- The Washington Times - Monday, January 30, 2006

Big powwow

Toss an unresolved political scandal or two into the mix of your convention and watch the press swarm.

Rep. Mike Pence, Indiana Republican and chairman of the Republican Study Committee (RSC), will welcome a record number of congressmen — and reporters — to the annual Conservative Members Retreat in Baltimore today. And don’t think the selection of a new House majority leader isn’t on everybody’s minds, given the recent resignation of embattled Rep. Tom DeLay of Texas.

Inside the Beltway has learned from Mr.
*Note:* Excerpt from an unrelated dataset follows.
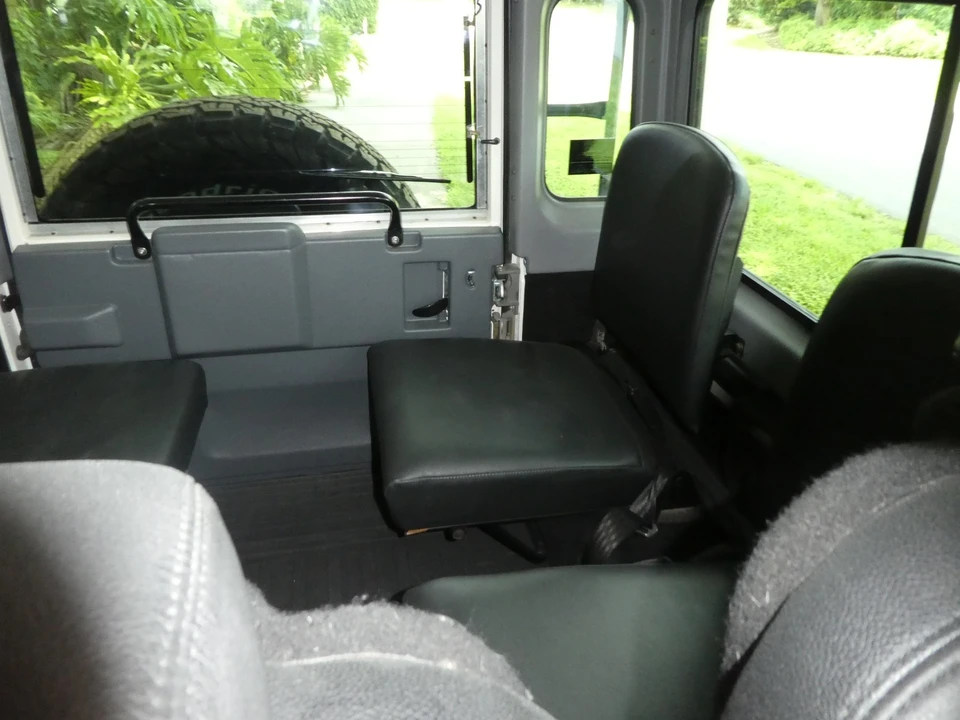 1993 Land Rover Defender 110 - Image 25 of 31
Pence’s spokesman, Matt Lloyd, that no less than 60 RSC members — more than half of its body — will be in Baltimore today and tomorrow, the “biggest attendance ever,” while “twice as many media” have signed up for credentials compared with last year.

In addition, space has been reserved for the “first-ever blogs row” of Internet reporters, which Mr. Lloyd says will provide a “new dynamic” to proceedings in which Republicans will hear from candidates for both majority leader and majority whip.

Perhaps just as important given that the entire House is up for re-election in November, RSC members will be visited tomorrow by Defense Secretary Donald H. Rumsfeld, the “first real big talk our guys will have about the war — very significant,” Mr. Lloyd states.

“Rummy was an RSC member,” adds the spokesman, referring to Mr. Rumsfeld’s years as a congressman from Illinois.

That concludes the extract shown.